**INSTRUCTIONS FOR THE TASK**
When the line containing "Twiee - Saga Skin" is found in the data below, copy it and each line after it through the line containing "Hete peper kostuum Multicolor - Kiabi", exactly and with no others.

(Records from a data collection)
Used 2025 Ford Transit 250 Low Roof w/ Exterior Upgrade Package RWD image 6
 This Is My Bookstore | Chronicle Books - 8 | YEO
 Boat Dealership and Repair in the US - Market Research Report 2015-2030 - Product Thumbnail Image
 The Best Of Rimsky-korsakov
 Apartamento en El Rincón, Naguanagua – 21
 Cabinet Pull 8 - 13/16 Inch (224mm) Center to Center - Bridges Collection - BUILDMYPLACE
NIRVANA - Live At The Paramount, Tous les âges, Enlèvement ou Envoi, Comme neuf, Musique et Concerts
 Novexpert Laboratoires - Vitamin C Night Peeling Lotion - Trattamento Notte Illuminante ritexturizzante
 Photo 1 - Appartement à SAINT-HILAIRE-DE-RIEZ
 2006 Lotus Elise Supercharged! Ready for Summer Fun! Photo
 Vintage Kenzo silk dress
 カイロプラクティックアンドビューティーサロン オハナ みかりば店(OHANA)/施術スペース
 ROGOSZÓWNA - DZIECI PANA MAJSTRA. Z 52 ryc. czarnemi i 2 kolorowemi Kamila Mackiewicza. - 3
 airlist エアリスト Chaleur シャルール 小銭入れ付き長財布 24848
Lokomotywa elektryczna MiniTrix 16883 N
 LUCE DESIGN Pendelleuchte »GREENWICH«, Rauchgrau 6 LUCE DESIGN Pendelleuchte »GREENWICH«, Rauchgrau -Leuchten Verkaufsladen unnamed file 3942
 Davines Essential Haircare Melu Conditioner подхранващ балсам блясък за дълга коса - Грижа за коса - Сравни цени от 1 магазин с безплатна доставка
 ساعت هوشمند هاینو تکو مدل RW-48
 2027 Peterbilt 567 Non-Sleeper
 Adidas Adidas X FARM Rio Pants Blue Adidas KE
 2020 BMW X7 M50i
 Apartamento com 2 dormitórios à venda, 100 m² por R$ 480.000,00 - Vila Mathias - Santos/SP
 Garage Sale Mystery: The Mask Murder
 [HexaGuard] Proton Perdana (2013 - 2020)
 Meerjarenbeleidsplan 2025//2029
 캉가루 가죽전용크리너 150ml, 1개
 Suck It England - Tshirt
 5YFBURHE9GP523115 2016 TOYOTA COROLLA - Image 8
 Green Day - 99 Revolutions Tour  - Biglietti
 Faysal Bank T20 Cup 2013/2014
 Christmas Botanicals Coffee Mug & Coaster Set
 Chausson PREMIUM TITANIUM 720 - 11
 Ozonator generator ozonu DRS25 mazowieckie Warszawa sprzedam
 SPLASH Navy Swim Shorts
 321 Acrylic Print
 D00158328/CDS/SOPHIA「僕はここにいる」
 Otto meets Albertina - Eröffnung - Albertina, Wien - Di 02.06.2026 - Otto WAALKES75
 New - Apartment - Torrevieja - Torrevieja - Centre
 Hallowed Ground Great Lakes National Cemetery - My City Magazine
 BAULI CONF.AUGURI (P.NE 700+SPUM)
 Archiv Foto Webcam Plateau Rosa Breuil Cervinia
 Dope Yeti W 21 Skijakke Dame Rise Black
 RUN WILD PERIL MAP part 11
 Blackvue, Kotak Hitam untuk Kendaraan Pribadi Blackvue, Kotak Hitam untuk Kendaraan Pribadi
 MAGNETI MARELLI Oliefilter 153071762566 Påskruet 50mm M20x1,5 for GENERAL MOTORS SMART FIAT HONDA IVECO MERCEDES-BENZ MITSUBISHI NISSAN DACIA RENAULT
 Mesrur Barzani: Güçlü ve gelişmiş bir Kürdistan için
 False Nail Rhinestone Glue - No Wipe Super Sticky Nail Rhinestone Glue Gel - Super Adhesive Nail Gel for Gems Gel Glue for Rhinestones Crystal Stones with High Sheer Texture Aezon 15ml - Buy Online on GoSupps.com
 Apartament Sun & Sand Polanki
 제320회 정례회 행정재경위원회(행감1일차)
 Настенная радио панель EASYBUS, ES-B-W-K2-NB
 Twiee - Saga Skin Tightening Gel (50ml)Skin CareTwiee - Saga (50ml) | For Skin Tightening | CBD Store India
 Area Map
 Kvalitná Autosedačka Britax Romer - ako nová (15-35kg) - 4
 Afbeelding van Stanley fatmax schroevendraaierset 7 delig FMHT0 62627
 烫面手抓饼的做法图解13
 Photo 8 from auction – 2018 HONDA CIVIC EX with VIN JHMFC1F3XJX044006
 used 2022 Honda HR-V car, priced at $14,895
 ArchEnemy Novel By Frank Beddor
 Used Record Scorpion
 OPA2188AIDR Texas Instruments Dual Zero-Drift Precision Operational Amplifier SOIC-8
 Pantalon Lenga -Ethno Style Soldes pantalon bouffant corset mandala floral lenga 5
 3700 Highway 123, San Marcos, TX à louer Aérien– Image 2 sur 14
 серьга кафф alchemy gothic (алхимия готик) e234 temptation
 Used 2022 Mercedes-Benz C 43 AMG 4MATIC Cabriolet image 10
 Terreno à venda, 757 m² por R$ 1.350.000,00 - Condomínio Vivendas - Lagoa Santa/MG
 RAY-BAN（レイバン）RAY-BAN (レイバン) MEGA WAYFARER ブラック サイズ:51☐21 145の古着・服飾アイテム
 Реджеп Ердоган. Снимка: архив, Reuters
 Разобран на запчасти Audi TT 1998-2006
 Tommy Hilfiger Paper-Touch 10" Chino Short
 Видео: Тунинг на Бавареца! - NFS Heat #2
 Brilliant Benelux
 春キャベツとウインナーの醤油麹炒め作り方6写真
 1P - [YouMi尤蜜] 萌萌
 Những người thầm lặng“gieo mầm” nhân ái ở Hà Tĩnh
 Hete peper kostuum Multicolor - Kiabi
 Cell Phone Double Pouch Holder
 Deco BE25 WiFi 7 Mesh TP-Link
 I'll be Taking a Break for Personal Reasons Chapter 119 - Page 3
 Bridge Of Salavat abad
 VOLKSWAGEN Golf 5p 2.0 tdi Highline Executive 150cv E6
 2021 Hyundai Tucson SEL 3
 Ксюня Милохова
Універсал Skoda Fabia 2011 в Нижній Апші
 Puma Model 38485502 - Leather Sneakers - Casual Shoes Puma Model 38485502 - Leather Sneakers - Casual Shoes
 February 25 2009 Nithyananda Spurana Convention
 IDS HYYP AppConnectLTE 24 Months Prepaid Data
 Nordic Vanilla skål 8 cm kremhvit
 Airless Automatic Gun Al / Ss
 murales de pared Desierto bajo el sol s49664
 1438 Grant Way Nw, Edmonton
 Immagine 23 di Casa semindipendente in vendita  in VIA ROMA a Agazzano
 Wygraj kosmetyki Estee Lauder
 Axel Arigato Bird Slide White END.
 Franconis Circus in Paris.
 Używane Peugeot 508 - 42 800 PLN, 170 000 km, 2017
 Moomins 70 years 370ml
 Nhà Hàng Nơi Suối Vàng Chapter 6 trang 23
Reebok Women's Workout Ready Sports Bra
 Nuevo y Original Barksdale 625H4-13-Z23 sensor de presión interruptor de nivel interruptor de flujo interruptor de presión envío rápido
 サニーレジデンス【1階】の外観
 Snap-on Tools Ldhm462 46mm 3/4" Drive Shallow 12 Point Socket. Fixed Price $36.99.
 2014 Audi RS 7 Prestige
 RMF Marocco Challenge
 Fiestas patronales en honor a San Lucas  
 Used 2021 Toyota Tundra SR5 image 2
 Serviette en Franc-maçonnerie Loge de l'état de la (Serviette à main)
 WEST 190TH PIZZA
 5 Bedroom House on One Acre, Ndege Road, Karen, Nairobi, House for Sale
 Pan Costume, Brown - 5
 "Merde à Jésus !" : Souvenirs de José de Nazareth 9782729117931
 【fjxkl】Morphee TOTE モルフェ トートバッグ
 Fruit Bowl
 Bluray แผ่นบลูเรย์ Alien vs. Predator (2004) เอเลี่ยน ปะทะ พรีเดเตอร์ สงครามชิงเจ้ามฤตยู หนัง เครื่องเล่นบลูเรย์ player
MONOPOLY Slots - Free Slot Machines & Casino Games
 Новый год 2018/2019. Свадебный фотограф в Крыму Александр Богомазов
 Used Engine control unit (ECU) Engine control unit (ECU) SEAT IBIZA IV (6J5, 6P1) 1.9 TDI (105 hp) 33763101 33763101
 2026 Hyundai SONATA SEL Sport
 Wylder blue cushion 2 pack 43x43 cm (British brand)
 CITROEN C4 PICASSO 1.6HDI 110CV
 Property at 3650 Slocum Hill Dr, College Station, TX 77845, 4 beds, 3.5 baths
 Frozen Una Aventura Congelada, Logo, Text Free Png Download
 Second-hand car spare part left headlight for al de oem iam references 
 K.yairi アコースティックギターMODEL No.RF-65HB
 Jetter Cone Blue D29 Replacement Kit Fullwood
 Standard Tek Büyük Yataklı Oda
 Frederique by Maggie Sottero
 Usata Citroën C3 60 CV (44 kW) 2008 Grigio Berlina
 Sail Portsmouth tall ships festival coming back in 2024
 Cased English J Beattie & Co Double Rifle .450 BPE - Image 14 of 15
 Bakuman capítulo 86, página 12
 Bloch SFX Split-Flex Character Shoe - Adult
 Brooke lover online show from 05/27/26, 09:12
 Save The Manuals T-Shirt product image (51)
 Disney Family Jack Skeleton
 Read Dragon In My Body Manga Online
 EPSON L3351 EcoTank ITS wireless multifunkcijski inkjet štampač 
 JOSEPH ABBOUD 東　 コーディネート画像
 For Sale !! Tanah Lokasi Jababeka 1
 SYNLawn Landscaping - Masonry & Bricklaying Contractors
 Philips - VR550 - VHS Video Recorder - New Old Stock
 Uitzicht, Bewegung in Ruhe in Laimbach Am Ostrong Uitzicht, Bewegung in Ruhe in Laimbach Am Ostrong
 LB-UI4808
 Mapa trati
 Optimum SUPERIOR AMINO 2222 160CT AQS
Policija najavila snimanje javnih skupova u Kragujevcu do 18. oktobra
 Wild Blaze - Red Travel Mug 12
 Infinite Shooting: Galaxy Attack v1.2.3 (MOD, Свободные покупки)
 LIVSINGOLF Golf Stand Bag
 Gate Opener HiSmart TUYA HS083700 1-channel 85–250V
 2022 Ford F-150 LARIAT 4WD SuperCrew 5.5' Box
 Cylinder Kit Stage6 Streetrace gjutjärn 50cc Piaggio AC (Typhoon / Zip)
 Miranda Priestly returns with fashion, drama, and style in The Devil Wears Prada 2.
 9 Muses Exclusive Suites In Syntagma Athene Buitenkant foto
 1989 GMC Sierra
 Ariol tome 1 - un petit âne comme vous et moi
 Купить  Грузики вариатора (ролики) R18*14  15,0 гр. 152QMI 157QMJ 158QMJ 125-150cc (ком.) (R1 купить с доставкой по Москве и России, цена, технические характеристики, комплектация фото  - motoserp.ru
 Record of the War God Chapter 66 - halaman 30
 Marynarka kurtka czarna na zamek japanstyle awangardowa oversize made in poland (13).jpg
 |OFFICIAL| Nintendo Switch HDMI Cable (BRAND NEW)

**ANSWER FOR THIS EXERCISE**
 Twiee - Saga Skin Tightening Gel (50ml)Skin CareTwiee - Saga (50ml) | For Skin Tightening | CBD Store India
 Area Map
 Kvalitná Autosedačka Britax Romer - ako nová (15-35kg) - 4
 Afbeelding van Stanley fatmax schroevendraaierset 7 delig FMHT0 62627
 烫面手抓饼的做法图解13
 Photo 8 from auction – 2018 HONDA CIVIC EX with VIN JHMFC1F3XJX044006
 used 2022 Honda HR-V car, priced at $14,895
 ArchEnemy Novel By Frank Beddor
 Used Record Scorpion
 OPA2188AIDR Texas Instruments Dual Zero-Drift Precision Operational Amplifier SOIC-8
 Pantalon Lenga -Ethno Style Soldes pantalon bouffant corset mandala floral lenga 5
 3700 Highway 123, San Marcos, TX à louer Aérien– Image 2 sur 14
 серьга кафф alchemy gothic (алхимия готик) e234 temptation
 Used 2022 Mercedes-Benz C 43 AMG 4MATIC Cabriolet image 10
 Terreno à venda, 757 m² por R$ 1.350.000,00 - Condomínio Vivendas - Lagoa Santa/MG
 RAY-BAN（レイバン）RAY-BAN (レイバン) MEGA WAYFARER ブラック サイズ:51☐21 145の古着・服飾アイテム
 Реджеп Ердоган. Снимка: архив, Reuters
 Разобран на запчасти Audi TT 1998-2006
 Tommy Hilfiger Paper-Touch 10" Chino Short
 Видео: Тунинг на Бавареца! - NFS Heat #2
 Brilliant Benelux
 春キャベツとウインナーの醤油麹炒め作り方6写真
 1P - [YouMi尤蜜] 萌萌
 Những người thầm lặng“gieo mầm” nhân ái ở Hà Tĩnh
 Hete peper kostuum Multicolor - Kiabi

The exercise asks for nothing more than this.